→ WHAT THE TASK ASKS: Don't include pictures. Quote the lines below from the first through the line that contains "Kids Red Lulu".

→ EXCERPTED DATA:
[Start of Attachment]

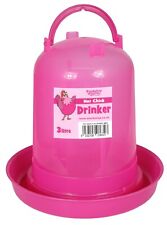 Hot Chick Pink 3L Poultry Drinker Chicken Quail Pheasant Duck 3 Litre Top Up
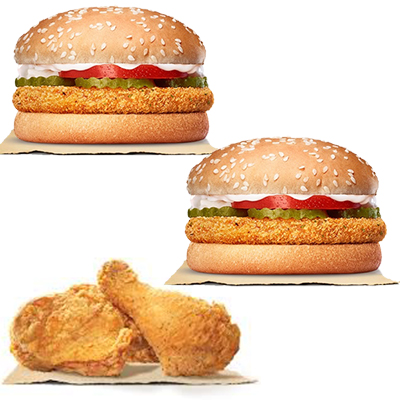 "2 Crispy Chicken, 2 Pcs BIC (Burger King) - Click here to View more details about this Product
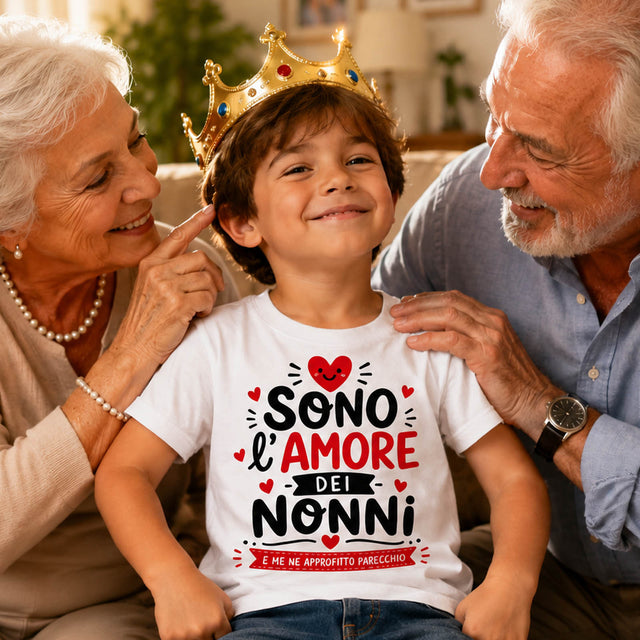 Maglietta bianca a maniche corte con stampa "Sono l'amore dei nonni", indossata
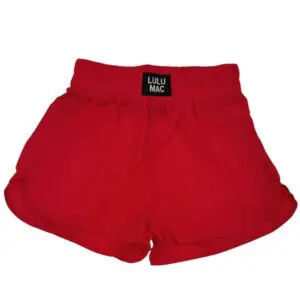 Kids Red Lulu Mac athletic shorts with elastic waistband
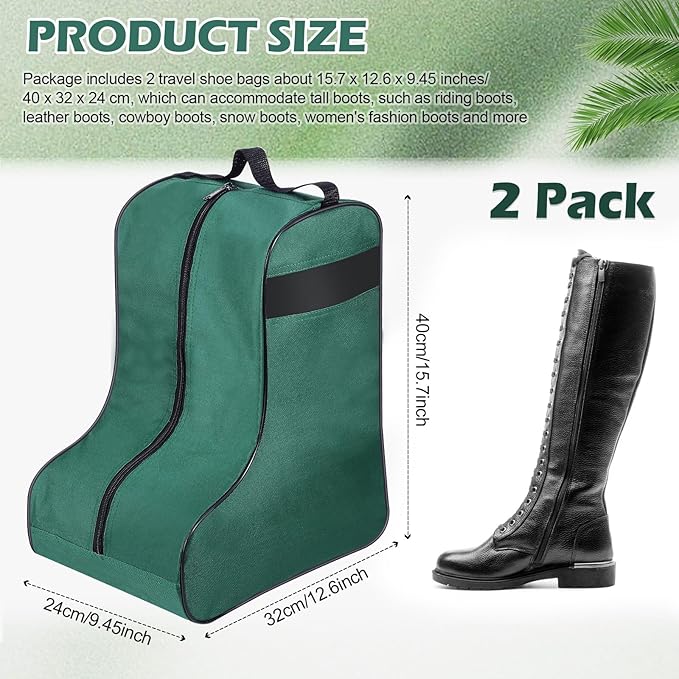 2 Pcs Boot Bags for Cowboy Boots Portable Storage Bag for Travel Long Tube Shoes Bags Men Tall Shoe with Handle for Home Travel (Dark Green)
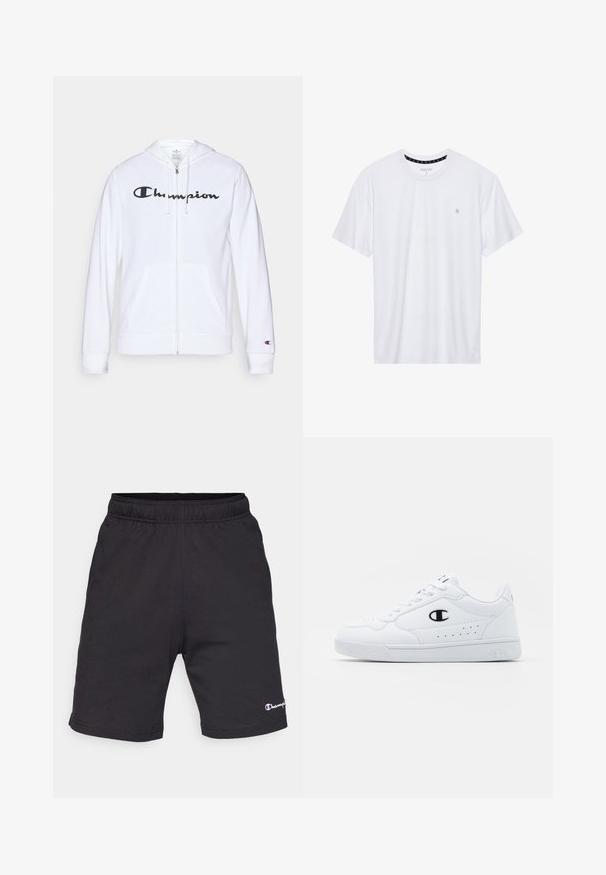 Valge tõmbluku eest avanev kapuutsiga pusa, mis on valmistatud pehmest kangast. Ees on must "Champion" logo, taskud on nagu känguru taskud ja varrukaotsad on soonilised.; Valge ümar kaelusega T-särk, mis on valmistatud puuvillast, lühikeste varrukatega ja vasakus rinnas on väike tikand. Pehme tekstuur.; Mustad mustad lühikesed püksid, mis on valmistatud siledast kangast, elastse vöökoha ja väikese valge Championi logoga vasakul alumisel küljel.; Valged spordijalatsid, millel on sile sünteetiline pealmine osa, must logo aktsent ja perforatsioonid külgedel. Kummikreen.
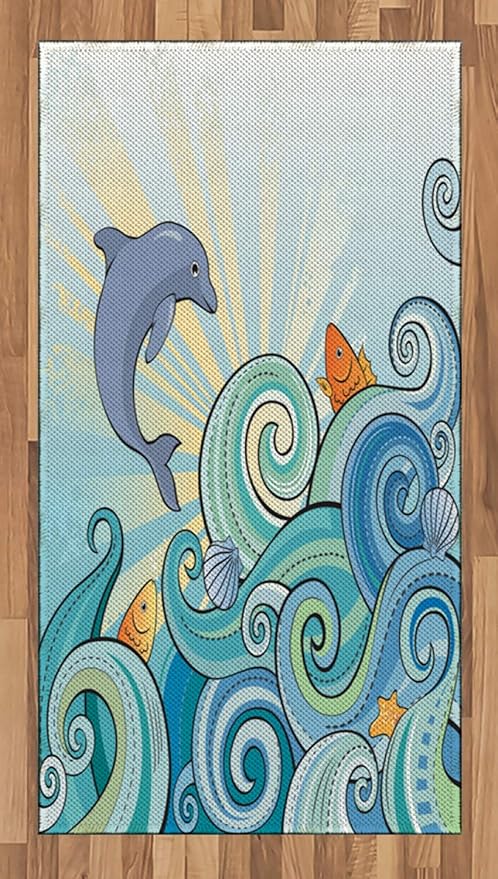 Animaux Marins Zone Tapis Par Ambesonne Dessin Animé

[End of Attachment]

→ EXERCISE SOLUTION:
 Hot Chick Pink 3L Poultry Drinker Chicken Quail Pheasant Duck 3 Litre Top Up
 "2 Crispy Chicken, 2 Pcs BIC (Burger King) - Click here to View more details about this Product
 Maglietta bianca a maniche corte con stampa "Sono l'amore dei nonni", indossata
 Kids Red Lulu Mac athletic shorts with elastic waistband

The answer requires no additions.